野梅学院大学(やばいがくいんだいがく)に近いところで、できれば平べったい家がいいな。

 現金一括で、あ、そうだ学割効くとこない?」


「しょ、少々お待ちくださいませ」


 平べったい家? むしろ傾いた家に住みたい者がいるのだろうか?

 現金一括購入で学割。意味不明だ。


「いやー、俺、掃除が苦手でさぁ。

 ロボット掃除機(コイツ)に憧れっつうのかな。なんていうか、かっこよさ、みたいなものを感じてて」


「はぁ」


 楽しげに語る若者に、平岡は困惑する。

 物件情報を検索しつつも相槌を打つ平岡の目は、画面に表示される物件たちの上を滑る、滑る。


「コイツが活躍できるような家だと嬉しいな!」


「左様で」


 なぜ物件を決める前にロボット掃除機(それ)を買ったのか、真剣に問い詰めたい。小一時間問い詰めたい。

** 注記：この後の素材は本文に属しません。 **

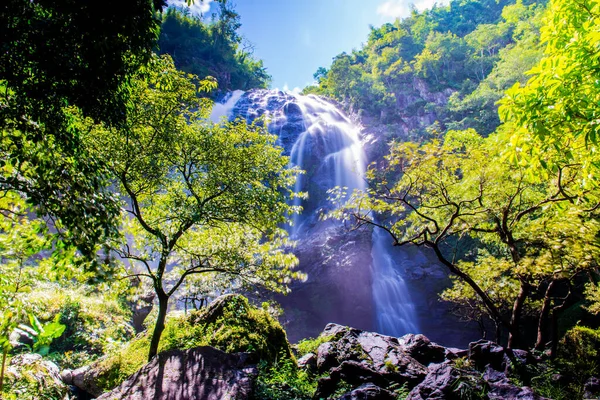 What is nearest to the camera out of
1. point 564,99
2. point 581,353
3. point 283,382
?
point 564,99

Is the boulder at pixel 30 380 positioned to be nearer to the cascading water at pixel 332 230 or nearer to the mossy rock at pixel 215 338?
the mossy rock at pixel 215 338

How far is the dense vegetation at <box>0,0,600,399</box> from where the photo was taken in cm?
337

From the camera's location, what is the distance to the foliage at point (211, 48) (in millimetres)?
49719

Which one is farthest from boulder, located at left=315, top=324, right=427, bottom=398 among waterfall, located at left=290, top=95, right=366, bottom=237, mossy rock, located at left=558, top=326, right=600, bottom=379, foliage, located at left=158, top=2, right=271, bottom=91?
foliage, located at left=158, top=2, right=271, bottom=91

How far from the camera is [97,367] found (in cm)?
860

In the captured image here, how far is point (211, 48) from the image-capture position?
53.5 metres

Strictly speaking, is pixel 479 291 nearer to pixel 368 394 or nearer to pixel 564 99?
pixel 368 394

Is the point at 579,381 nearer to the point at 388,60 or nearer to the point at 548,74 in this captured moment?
the point at 548,74

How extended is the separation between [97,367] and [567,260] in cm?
1322

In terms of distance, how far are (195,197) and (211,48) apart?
53.9 meters

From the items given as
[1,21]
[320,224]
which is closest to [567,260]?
[1,21]

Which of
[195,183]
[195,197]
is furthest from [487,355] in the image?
[195,183]

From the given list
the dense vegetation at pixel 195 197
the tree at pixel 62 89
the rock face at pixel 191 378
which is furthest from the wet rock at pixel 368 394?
the tree at pixel 62 89

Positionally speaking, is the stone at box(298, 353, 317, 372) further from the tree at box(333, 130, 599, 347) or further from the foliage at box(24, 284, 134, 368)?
the foliage at box(24, 284, 134, 368) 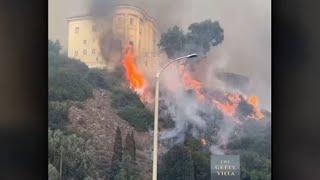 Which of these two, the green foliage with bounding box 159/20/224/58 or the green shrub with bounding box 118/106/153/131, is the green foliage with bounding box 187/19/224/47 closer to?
the green foliage with bounding box 159/20/224/58

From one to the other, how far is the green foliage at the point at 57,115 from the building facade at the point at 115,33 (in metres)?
0.43

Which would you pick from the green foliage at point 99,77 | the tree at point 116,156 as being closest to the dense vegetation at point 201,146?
the tree at point 116,156

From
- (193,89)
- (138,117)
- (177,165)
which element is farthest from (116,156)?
(193,89)

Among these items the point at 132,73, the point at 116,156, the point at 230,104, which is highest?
the point at 132,73

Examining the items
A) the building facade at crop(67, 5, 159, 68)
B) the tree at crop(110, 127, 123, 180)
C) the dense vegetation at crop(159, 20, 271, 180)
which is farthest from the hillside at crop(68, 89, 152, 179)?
the building facade at crop(67, 5, 159, 68)

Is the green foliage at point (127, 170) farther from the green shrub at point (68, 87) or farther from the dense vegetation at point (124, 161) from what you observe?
the green shrub at point (68, 87)

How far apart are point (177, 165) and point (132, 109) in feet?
1.98

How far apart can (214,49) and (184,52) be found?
0.25 m

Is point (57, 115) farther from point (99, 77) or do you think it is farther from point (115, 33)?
point (115, 33)

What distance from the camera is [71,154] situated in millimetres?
3180

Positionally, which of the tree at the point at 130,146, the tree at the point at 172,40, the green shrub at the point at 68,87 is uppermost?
the tree at the point at 172,40

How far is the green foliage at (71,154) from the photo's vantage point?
125 inches

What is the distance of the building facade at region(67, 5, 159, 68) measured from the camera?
317 centimetres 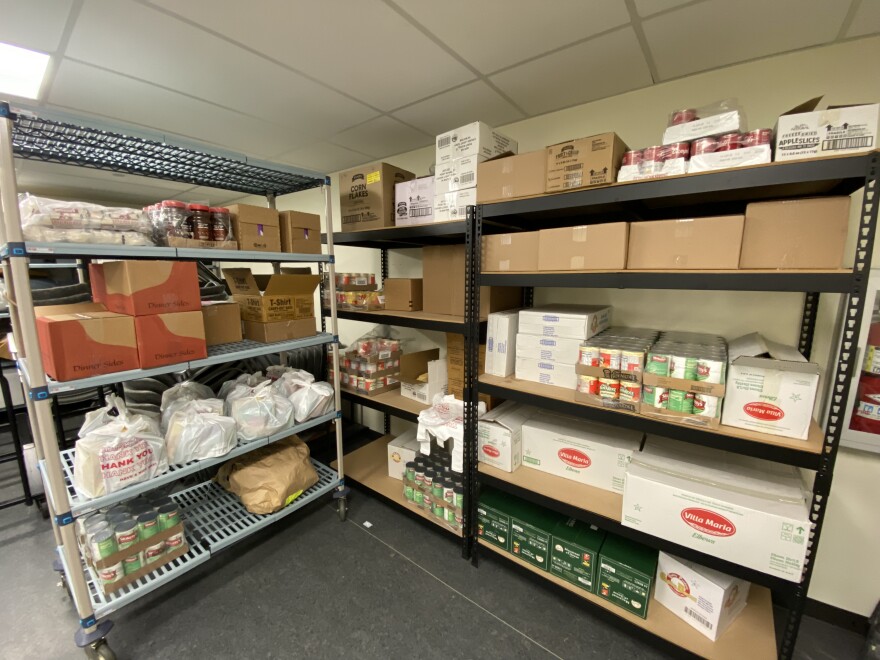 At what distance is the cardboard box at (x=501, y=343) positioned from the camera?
1756mm

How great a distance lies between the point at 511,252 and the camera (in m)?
1.64

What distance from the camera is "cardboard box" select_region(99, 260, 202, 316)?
1431 mm

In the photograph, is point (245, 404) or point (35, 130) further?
point (245, 404)

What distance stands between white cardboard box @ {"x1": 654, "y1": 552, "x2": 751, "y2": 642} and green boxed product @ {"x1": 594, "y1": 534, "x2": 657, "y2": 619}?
0.07 metres

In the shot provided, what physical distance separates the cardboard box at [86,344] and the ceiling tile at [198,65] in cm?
106

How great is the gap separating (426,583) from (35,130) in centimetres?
255

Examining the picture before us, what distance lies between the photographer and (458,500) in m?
1.98

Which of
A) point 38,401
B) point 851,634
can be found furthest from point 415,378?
point 851,634

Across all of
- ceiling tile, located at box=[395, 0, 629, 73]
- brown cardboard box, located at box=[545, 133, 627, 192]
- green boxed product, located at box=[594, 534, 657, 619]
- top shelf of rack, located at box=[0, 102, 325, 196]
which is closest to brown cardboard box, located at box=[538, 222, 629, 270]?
brown cardboard box, located at box=[545, 133, 627, 192]

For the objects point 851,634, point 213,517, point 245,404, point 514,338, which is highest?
point 514,338

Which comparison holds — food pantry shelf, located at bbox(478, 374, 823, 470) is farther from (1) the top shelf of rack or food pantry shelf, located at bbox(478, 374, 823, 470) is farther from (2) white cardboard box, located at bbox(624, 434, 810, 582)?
(1) the top shelf of rack

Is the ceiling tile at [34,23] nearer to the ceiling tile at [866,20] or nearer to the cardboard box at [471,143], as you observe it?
the cardboard box at [471,143]

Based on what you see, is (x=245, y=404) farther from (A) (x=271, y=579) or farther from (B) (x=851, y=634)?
(B) (x=851, y=634)

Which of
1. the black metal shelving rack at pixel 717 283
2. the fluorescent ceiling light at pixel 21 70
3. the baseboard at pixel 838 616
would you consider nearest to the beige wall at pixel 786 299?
the baseboard at pixel 838 616
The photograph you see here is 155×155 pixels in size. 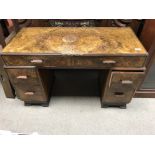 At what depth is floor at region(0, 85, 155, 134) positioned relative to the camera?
54.2 inches

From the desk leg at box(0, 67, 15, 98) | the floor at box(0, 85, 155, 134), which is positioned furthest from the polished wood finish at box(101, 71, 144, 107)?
the desk leg at box(0, 67, 15, 98)

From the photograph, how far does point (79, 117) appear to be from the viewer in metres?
1.46

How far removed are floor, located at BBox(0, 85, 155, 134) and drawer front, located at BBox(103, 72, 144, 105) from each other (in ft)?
0.56

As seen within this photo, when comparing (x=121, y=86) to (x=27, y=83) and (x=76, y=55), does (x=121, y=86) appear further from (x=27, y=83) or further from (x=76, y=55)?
(x=27, y=83)

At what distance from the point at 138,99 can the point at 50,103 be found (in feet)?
3.09

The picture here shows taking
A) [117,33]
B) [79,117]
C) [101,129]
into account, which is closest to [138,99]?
[101,129]

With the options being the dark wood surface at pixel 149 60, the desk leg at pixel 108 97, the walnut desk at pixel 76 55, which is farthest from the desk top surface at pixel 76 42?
the desk leg at pixel 108 97

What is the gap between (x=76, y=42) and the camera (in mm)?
1157

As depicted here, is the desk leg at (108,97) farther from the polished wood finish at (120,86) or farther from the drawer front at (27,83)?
the drawer front at (27,83)

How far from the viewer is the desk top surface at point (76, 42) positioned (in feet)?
3.55

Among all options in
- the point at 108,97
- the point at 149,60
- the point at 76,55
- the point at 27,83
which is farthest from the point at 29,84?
the point at 149,60

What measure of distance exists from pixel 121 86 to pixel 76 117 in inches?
20.8

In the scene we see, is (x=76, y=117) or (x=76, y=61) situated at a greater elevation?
(x=76, y=61)

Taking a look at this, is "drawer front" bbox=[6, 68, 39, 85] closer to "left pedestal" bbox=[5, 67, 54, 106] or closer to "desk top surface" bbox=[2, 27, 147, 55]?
"left pedestal" bbox=[5, 67, 54, 106] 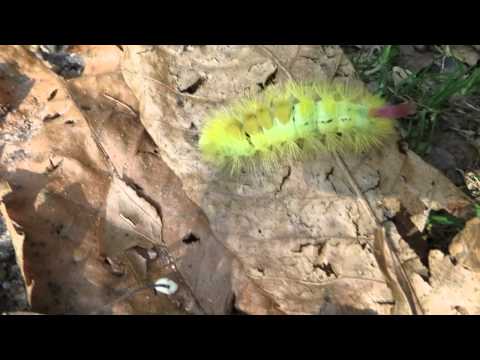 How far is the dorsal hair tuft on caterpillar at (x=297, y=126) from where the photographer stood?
351 centimetres

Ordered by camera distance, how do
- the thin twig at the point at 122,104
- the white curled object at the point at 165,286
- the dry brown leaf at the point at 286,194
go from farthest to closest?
the thin twig at the point at 122,104, the white curled object at the point at 165,286, the dry brown leaf at the point at 286,194

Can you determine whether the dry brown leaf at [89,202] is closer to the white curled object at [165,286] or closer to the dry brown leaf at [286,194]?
the white curled object at [165,286]

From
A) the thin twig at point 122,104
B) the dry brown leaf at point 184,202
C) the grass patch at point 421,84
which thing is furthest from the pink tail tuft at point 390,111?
the thin twig at point 122,104

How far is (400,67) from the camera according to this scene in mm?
4281

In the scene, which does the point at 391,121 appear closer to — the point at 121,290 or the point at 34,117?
the point at 121,290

 いや、引っ越し前に前の家を片付けるために買ったのだ。そうだ、そうに違いない。そうだと思いたい。

 野梅学院大学の平均的な学力を思い出し、それでも暗澹たる気分になりそうな自らの心を、平岡は叱咤する。彼はプロなのだ。


 現金一括。

 保証人なし。

 銀行との35年ローンを前提に組まれた売値。

 平岡の頭はぐるぐるとめまぐるしく回る。まるで出口のない迷路を彷徨うように、同じ場所をぐるぐる、ぐるぐる。


「あの――せめて保証人はつけられませんか。

 ご両親のどちらかだけでも……」


 できるだけ、取り扱ったことのある案件に近づけたい平岡。

 しかし若者は腕を組み、ぐむむ、と唸り声をあげ、虚空を見つめる。ついそちらを振り返ってしまう平岡。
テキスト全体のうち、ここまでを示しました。